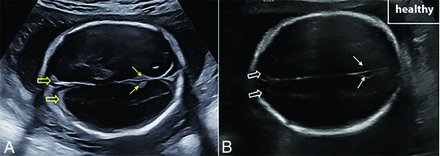 FIG 4.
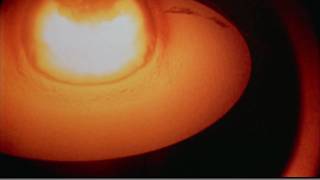 Castle Bravo  Huge thermonuclear explosion [upl. by Macguiness]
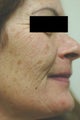 Photofacial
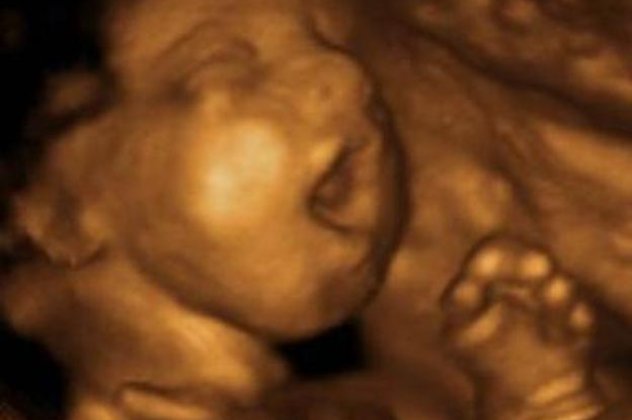 Δείτε το χασμουρητό και τον λόξυγγα των εμβρύων σε 4D, τέσσερις διαστάσεις για το μωρό των ονείρων σας! - Κυρίως Φωτογραφία - Gallery - Video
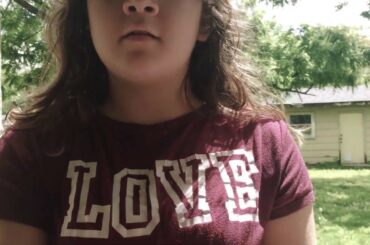 Two cute bunny’s that Survived in attack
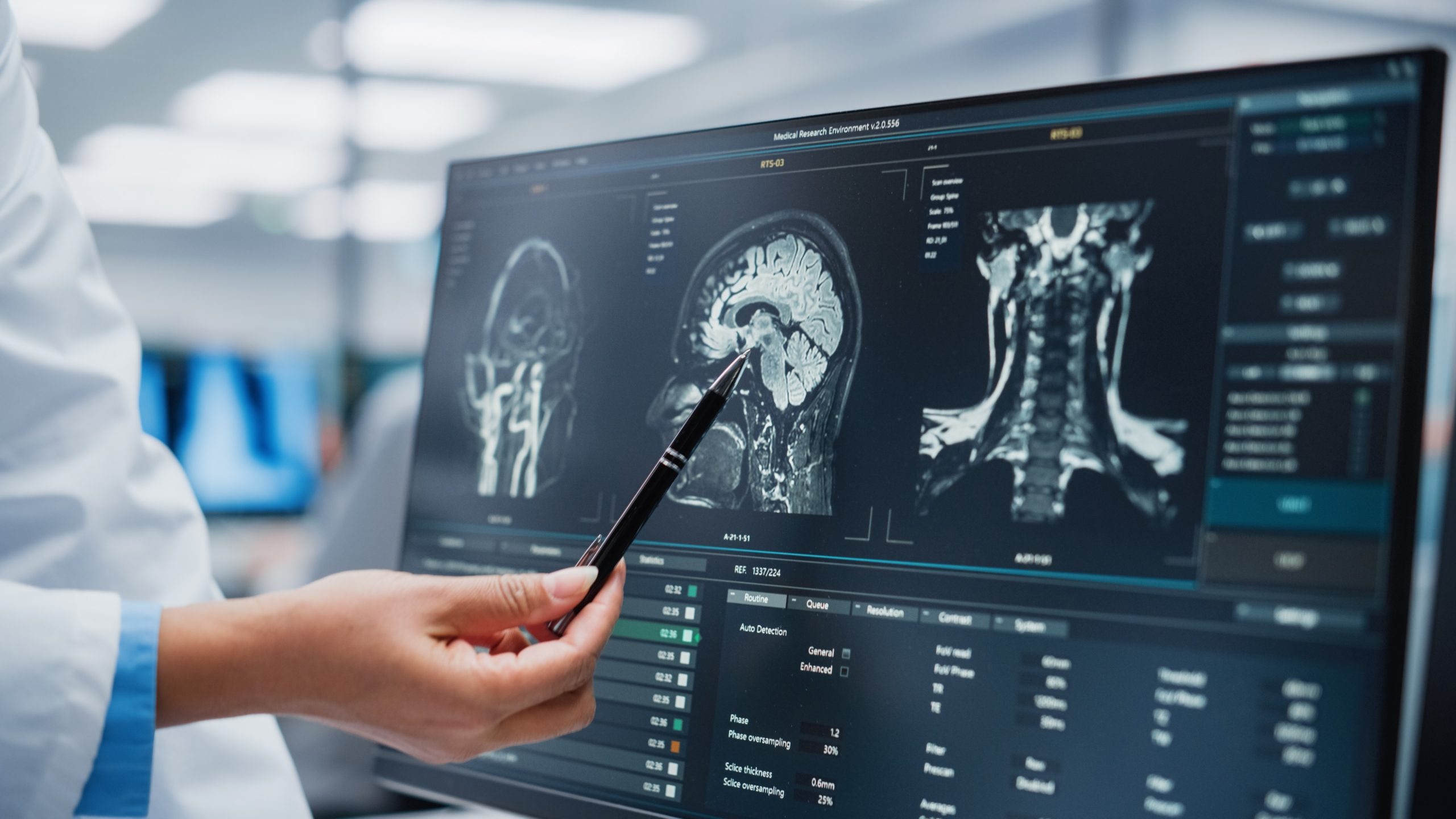 Shutterstock\<strong>التفكير يحرق السعرات الحرارية أيضاً </strong>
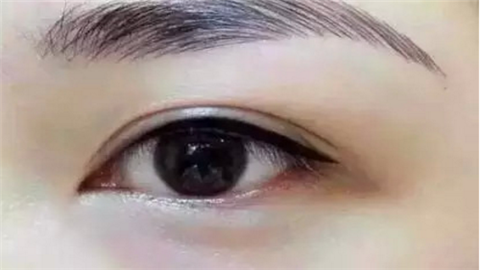 長沙開眼角整形醫(yī)院哪里好？這10家醫(yī)院真不錯！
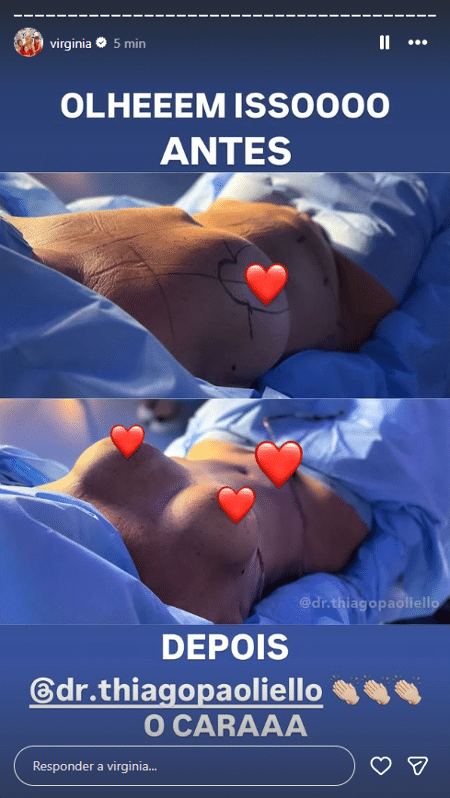 Mudou muito? Mãe de Virignia passa por transformação após procedimento estético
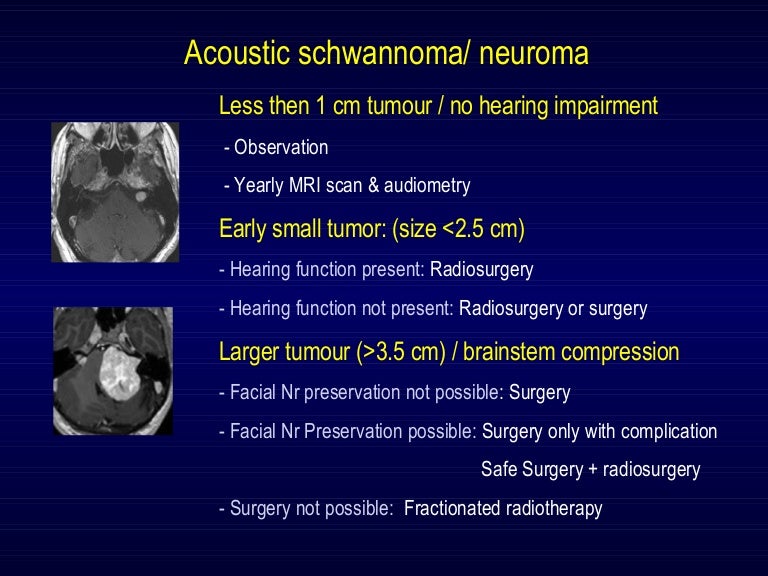 Acaustic schwannoma diagram of brain skull 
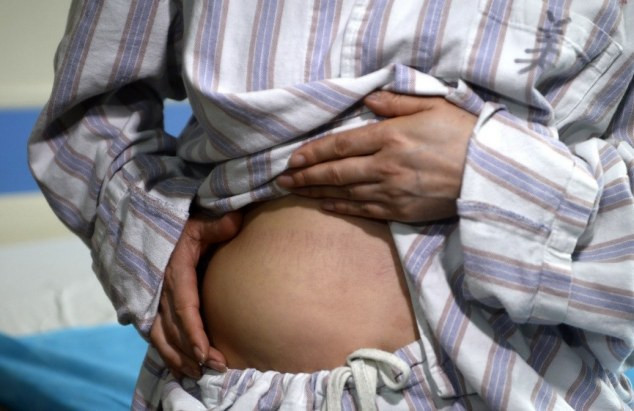 Silikonlarından birisi sırtında diğer karnında! - Resim: 1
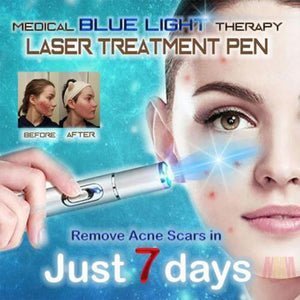 Blue Light Laser Pen - Doctor Wellington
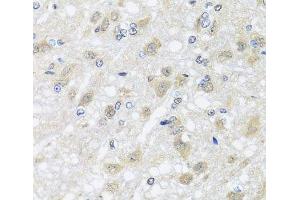 Immunohistochemistry of paraffin-embedded Rat brain using HARS2 Polyclonal Antibody at dilution of 1:100 (40x lens). (HARS2 抗体)
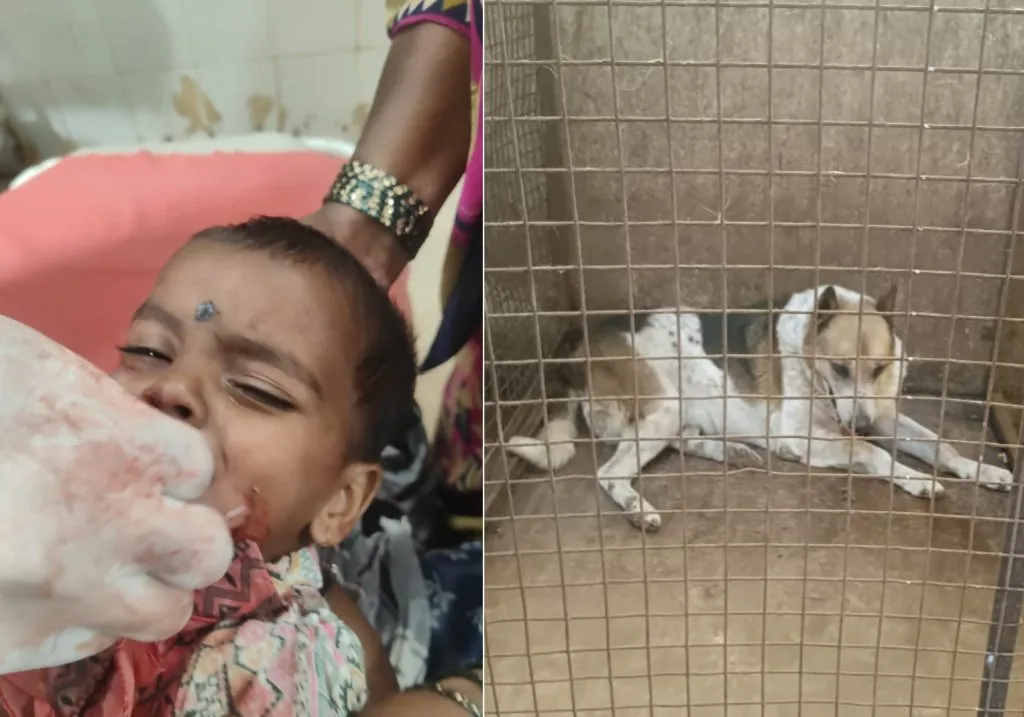भटक्या कुत्र्याने तोडले बालिकेच्या चेहऱ्याचे लचके Two-year-old girl seriously injured after being attacked by stray dog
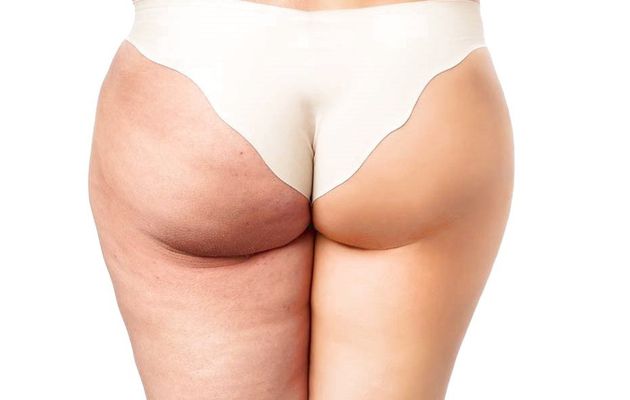 Come funziona la crema riducente per cellulite con CLA CARNITINA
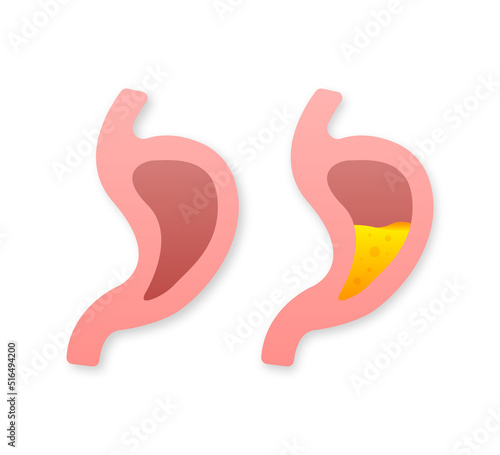 Human stomach. Healthy and unhealthy. Digestive system anatomy. Vector stock illustration.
· · · · · · ·
_Exercise aim_. Each line from the line containing "Two cute bunny’s that Survived in attack" through the final line of the data above must be retyped exactly; nothing else, and no pictures, may appear.

_Your response_.
 Two cute bunny’s that Survived in attack
 Shutterstock\<strong>التفكير يحرق السعرات الحرارية أيضاً </strong>
 長沙開眼角整形醫(yī)院哪里好？這10家醫(yī)院真不錯！
 Mudou muito? Mãe de Virignia passa por transformação após procedimento estético
 Acaustic schwannoma diagram of brain skull 
 Silikonlarından birisi sırtında diğer karnında! - Resim: 1
 Blue Light Laser Pen - Doctor Wellington
 Immunohistochemistry of paraffin-embedded Rat brain using HARS2 Polyclonal Antibody at dilution of 1:100 (40x lens). (HARS2 抗体)
भटक्या कुत्र्याने तोडले बालिकेच्या चेहऱ्याचे लचके Two-year-old girl seriously injured after being attacked by stray dog
 Come funziona la crema riducente per cellulite con CLA CARNITINA
 Human stomach. Healthy and unhealthy. Digestive system anatomy. Vector stock illustration.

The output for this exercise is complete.